昨日、私が久矢君とレッスンをしていた時、彼は次のようなことを言っていました。

“I couldn't win the race the other day. I want to revenge this time.”

(先日僕はそのレースに勝てなかった。だから今度はリベンジをしたい。…と言っているつもり。)

私はその場では気にすることはせず、そのままレッスンを続けました。

このレッスン終了後の食事休憩(meal break)の時間を利用して、私はパソコンで資料を作ることにしました。

資料が仕上がると、私は休憩時間が終わる前に印刷して、別室で自習をしている久矢君に会いました。


「久矢君、ちょっと今日のレッスンのことで復習をしたいんだけれど、時間あるかしら?」

「いいけれど、サキは休憩中だろ?」

「まあ、そうなんだけれど、手早く説明するから、大丈夫よ。」

「サキがそう言うなら、それでいいよ。で、今日は何?」

「今日はrevengeという単語についてよ。
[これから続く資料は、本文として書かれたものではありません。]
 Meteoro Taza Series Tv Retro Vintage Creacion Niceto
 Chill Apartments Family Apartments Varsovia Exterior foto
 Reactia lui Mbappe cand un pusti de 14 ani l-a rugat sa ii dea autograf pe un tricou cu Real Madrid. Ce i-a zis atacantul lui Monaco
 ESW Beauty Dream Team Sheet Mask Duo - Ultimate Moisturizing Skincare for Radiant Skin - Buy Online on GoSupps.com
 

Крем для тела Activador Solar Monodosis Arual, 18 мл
」


私はそう言って、資料を見せました。



「リベンジ」という言葉が流行語になって以来、この単語は「借りを返す」、「過去の失敗を取り返すためにもう一度やってみる」という意味で定着しました。

今のこのご時勢だったら、日本語として使っている限り、問題ないですが、英語圏の人には通用しないと思います。

というのも、この単語は英英辞典では

“something that you do to punish somebody who has hurt you or made you suffer”
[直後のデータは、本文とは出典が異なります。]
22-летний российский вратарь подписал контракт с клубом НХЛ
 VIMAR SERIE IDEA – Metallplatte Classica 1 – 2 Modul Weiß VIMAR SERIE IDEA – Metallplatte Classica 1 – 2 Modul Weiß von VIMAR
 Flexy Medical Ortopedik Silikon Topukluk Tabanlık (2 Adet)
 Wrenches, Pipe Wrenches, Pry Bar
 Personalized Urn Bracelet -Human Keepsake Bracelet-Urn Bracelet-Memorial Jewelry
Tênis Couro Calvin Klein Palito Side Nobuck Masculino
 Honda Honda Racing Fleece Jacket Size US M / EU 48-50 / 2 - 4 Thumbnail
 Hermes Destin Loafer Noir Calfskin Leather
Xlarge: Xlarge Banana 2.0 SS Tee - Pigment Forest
(あなたを傷つけたり、苦しめた人を罰するためにあなたがすること)

と書いてあります。

つまり、ただ借りを返すというわけではなく、今まで苦しめられてきたことや恨みに対する復讐を意味するので、日本語のリベンジよりもずっと深刻な意味になってしまいます。

現に、英和辞典でも「復讐、報復、仕返し」というようなことが書いてあります。

借りを返すという意味の正しい英語は“repay the debt”です。

この表現は借金を返すという意味でも使えます。

また、一度失敗した物事にもう一回やってみる場合は、“try(またはdo)~ once again”、または“retry”と言うべきでしょう。


例文

・I'll have to take revenge on him because my girlfriend was killed.

(僕はガールフレンドを殺されたので、彼に復讐しなければならない。)

(※revengeは大抵名詞として使われるので、動詞として使いたい場合は、“take revenge on”という形が好まれます。)



これを見た時の久矢君の反応は次の通りでした。

「げっ!リベンジってそういうことだったのか。こないだ外国人の人に間違った意味でこの単語を使っちゃったよ。」

「あら?そうなの?」

「うん。まずいなあ…。相手の人はどう思ったんだろう…。謝った方がいいのかなあ…。」

「久矢君はノンネイティヴスピーカーだし、相手も配慮してくれるでしょうから、1回言ったくらいでは大したいことにはならないと思うわよ。」

「ならいいけど。とにかく使い方を間違えないように気をつけよおっと。」


というわけで、英語のrevengeは日本語のリベンジと比べてかなり深刻な意味になってしまいます。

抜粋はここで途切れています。